Earlier this year, the South Louisiana Flood Protection Authority – East
filed suit against 97 companies claiming their actions had violated the law in
their oil exploration and extraction activities, claiming damages. From the
start, the politicized
jackpot justice tactic behind it seemed obvious, but it also appeared
dubious on legal grounds, as it seemed to have skipped certain steps to give it
the authority to take both this action and the manner in which it pursued this.
Many of these uncertainties tied
into a contingency contract negotiated with a private law firm that also
provided payment if the SLFPA-E voluntarily dropped the suit. Caldwell’s office
gave
it assent as mandated in law, but is not counsel, and also needed and not
given was approval from the governor’s office. Further, the law appears to
dictate that the AG must be counsel and any other counsel must be authorized by
an explicit set of justification, which do not seem to appear in the resolution
to hire the firm. Finally, a past court interpretation of the law states that only
legislative approval would allow for a contingency contract, which was never
given (and legislators hinted when they convene next year that they will do the
opposite to invalidate the entire effort.)
The panel laid the questions at
the feet of the auditor, who provided this interpretation but without legal
force and recommended the board seek a declaratory judgment from the judiciary.
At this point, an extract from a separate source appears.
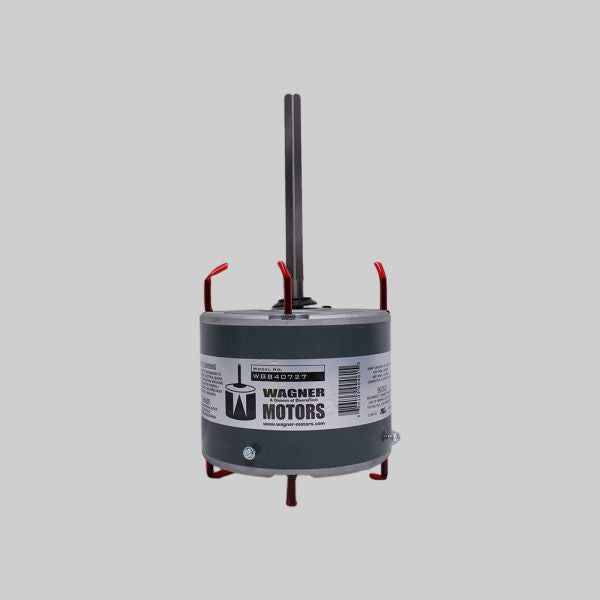 Condenser Fan Motor 1/6 HP 1075 RPM 208-230 V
This can be sought by anyone, but the Authority this week will debate whether
to do it themselves.
Chances are that it will not, because
even though membership expirations allowed Gov. Bobby
Jindal recently to appoint new
members that have shown opposition to the entire suit, a majority still
present on the board appears to favor it. Indications from Auditor Daryl Pupera’s
opinion are that it rests on legally shaky ground, and a court judgment is likely
to knock the props out from supporting it.
Which if the group fails to ask then
could throw the ball into Caldwell’s court and make him very politically
uncomfortable. In the past he has shown sympathy to much greater freedom in the
state using contingency contracts and continues to claim everything regarding
the legality of the suit is going swimmingly. If the SLPFA-E defers, if
Caldwell does not take up the suggested action it will seem more likely he is
putting a political agenda ahead of doing his job.
Because undoubtedly somebody will
ask for this, and if as seems likely the courts rule parts of the contract
and/or the attempt itself invalid, then Caldwell would look not only political
in motivation but less than competent in doing his job. It’s bad enough for him
that Caldwell, who switched from Democrat to Republican prior to his reelection
in 2011, never has seemed trustworthy to conservatives, but also there are a
lot of lawyers regardless of political affiliation getting term-limited out of
office in 2015 who would like nothing better to do than continue their
political careers as a statewide elected official. By deliberately putting
himself in a position to look bad, Caldwell almost begs putative opponents to
run against him partially on the basis of poor performance in office.
Not only would it adhere better
to existing jurisprudence for Caldwell to seek this determination and withdraw
any permission for it to proceed should a court decide anything is amiss with
aspects of the suit, it’s also politically prudent for him to discourage
challengers. Or, he can continue to fall on his sword repeatedly to show fealty
to the idea of state use of contingency contracting and on behalf of a rogue
agency the action of which, either by judicial ruling or legislative action,
will fail. Unless he feels absolutely wedded to this agenda, the latter course doesn’t
seem to bring much payoff.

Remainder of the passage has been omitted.